Chidem Kurdas
Allen Stanford, serving a 110-year sentence for the massive Ponzi scheme that swindled the savings of tens of thousands of people, has persisted in his appeal of the criminal conviction despite what looks like a discouraging start.
He represents himself in the appeal, having asked to be relieved of his latest court-appointed attorney and granted the wish.
Recently he appeared to seek a way to get legal help without having a lawyer. He asked that the appeals court provide him with the services of a law clerk to vet his briefs. He’d like “a qualified law clerk” to review his appeal and make sure it meets the requirements.
The appeals court clerk turned down this motion forthwith on the ground that the court provides no such service. Judges’ clerks are usually fresh law school graduates who gain experience by clerking for a year or two.
Although I lack sympathy for Mr. Stanford – knowing the damage to his victims – I have to acknowledge his sad legal predicament. By engaging in a selfie appeal, he bucks the prime directive of the legal system—namely to provide income for attorneys.
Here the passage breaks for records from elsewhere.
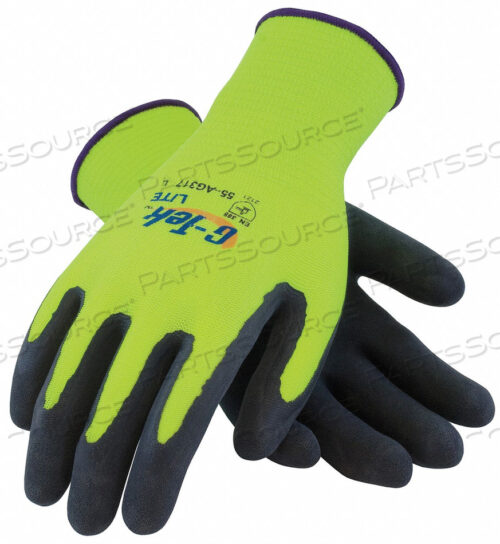 COATED GLOVES 2XL HI-VIS YELLOW PR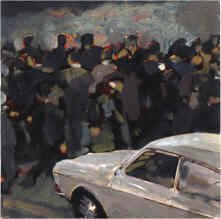 Lorca en montant l�escalier de l�immeuble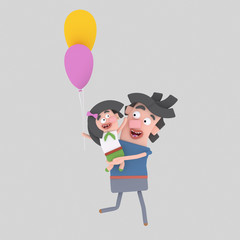 3d illustration.Happy father with daughter
Easy combine! Custom 3d illustration contact me!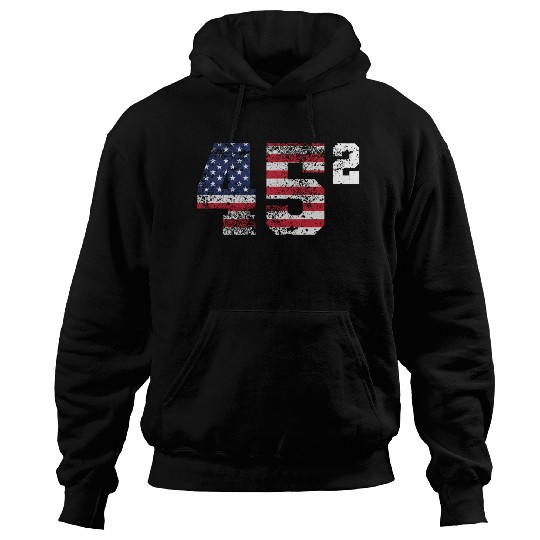 Trump 45 Squared Republican Hoodies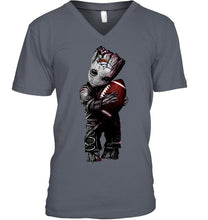 Load image into Gallery viewer, baby groot loves Denver Broncos shirt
Note to those with DIY ambitions: this is a system in effect rigged against such projects. However, lawyers were happy to let Stanford go alone because he is by all reports a pain to work with. He now faces a mid-September deadline for filing a brief. The appeal was given a very low chance of success at the outset.
Not many attorneys would argue for the grounds on which he wants to reverse his conviction, such as the U.S. having no jurisdiction over his business because the fake bank that issued fake certificates of deposit was in Antigua. While operating globally, he ran a brokerage headquartered in Houston, selling the CDs to thousands of Americans. There is no serious question that the U.S. has jurisdiction.
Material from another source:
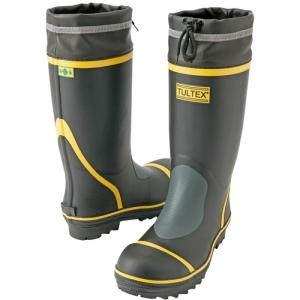 アイトス 安全ゴム長靴(踏み抜き抵抗板入り) ブラックXイエロー AZ470501025.0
The scheme went on for many years despite being identified as a likely fraud by an examiner of the U.S. Securities and Exchange Commission. High-level SEC officials did not want to confront Stanford, who had far-reaching government connections and hired influential former regulators to discourage investigators. He was generous to politicians across the spectrum, including the current White House incumbent.
The SEC examiner tried repeatedly to have the agency stop Stanford, only to be frustrated and eventually deprived of her position by a Kafkaesque bureaucracy where apparently no good deed goes unpunished. For more on Stanford’s political and regulatory shenanigans, click for Sticky Wicket
After Bernard Madoff confessed to fraud, the government finally took action against Stanford. In the aftermath, regulators took steps that resulted in an even worse situation for the victims, among them working class people who thought they were putting their retirement money in a safe investment. This sequel to the con game is one of the stories I relate in Ponzi Regulation.
Stanford went through scores of lawyers in various lawsuits since he was arrested in 2009. He initially used the remnants of his loot to pay for big names but in later years became dependent on Texas taxpayers to meet millions of dollars in legal expenses. After being long touted in the media as a high-flying billionaire, he is now indigent.
He demanded that the state spend more on his defense during the lengthy criminal trial and objected to the lawyer assigned for his appeal. Incidentally, in his heyday he wasn’t much of a taxpayer, establishing residence in the Virgin Islands to minimize his tax liability, lobbying Congress for tax breaks and when nothing else worked simply avoiding payment by not declaring income.